── INFORMATION PROVIDED ──
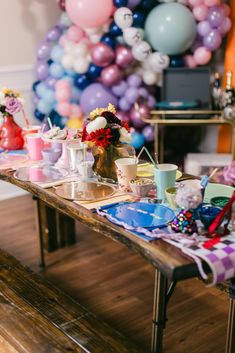 the table is set up for a party with balloons in the background and decorations on it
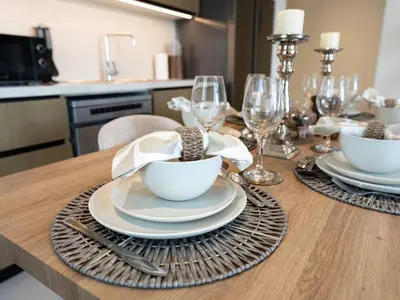a dining room table with plates and bowls and glasses at 2BR-Downtown Apartment- 10 Min Walk to Dubai Mall in Dubai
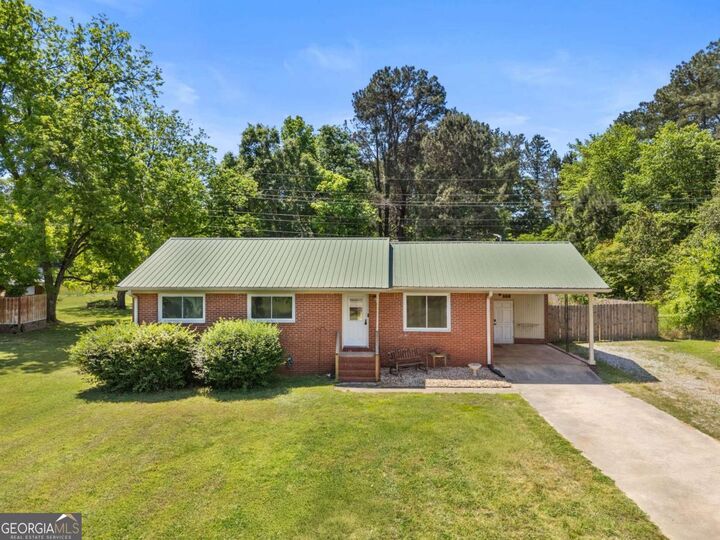 Property Photo:  1510 E Highway 16  GA 30233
───
PROBLEM: Retype the listing above exactly. Pictures are not part of the copy.

TASK OUTPUT:
 the table is set up for a party with balloons in the background and decorations on it
a dining room table with plates and bowls and glasses at 2BR-Downtown Apartment- 10 Min Walk to Dubai Mall in Dubai
 Property Photo:  1510 E Highway 16  GA 30233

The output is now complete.